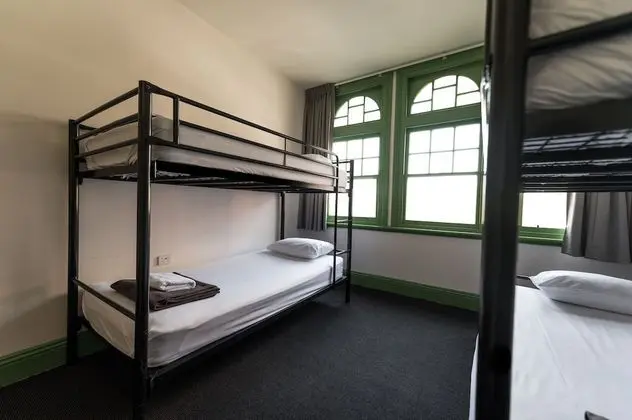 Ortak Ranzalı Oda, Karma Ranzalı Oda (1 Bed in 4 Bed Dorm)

--

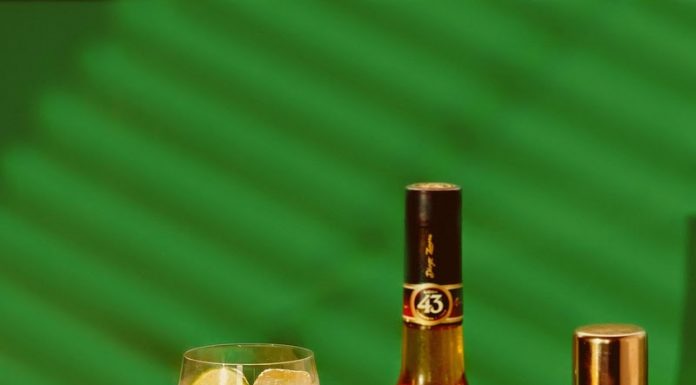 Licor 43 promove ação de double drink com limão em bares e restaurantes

--

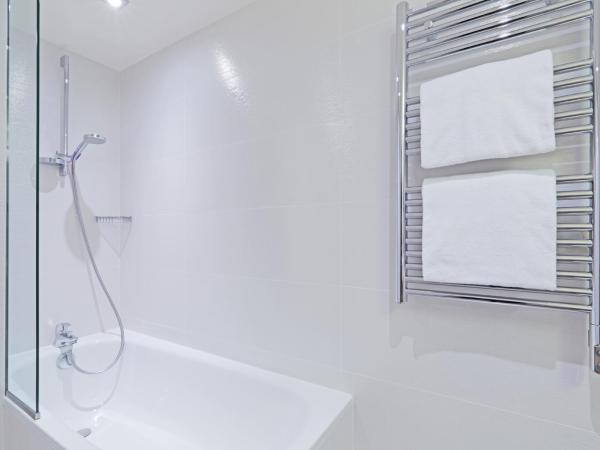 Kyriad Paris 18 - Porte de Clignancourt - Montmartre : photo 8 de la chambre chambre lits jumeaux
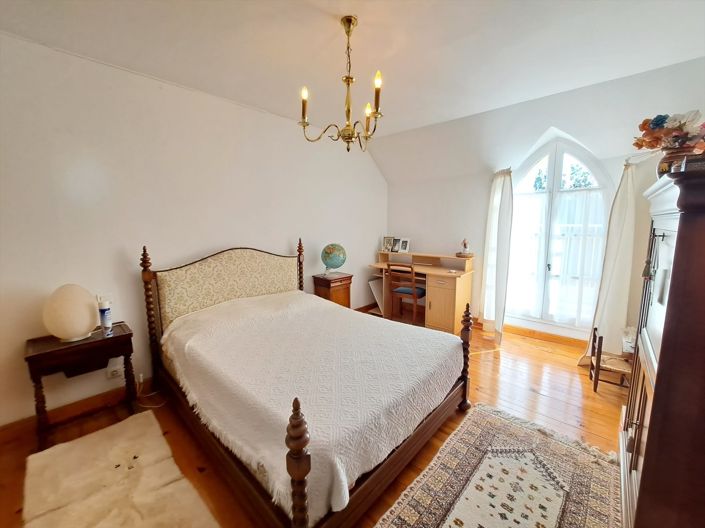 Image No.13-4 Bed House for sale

Work to complete -> Everything from the line with "Kyriad Paris 18" through the line with "Image No.13-4 Bed House for sale" in the material above should be transcribed exactly, except the pictures.

Answer to this exercise ->
 Kyriad Paris 18 - Porte de Clignancourt - Montmartre : photo 8 de la chambre chambre lits jumeaux
 Image No.13-4 Bed House for sale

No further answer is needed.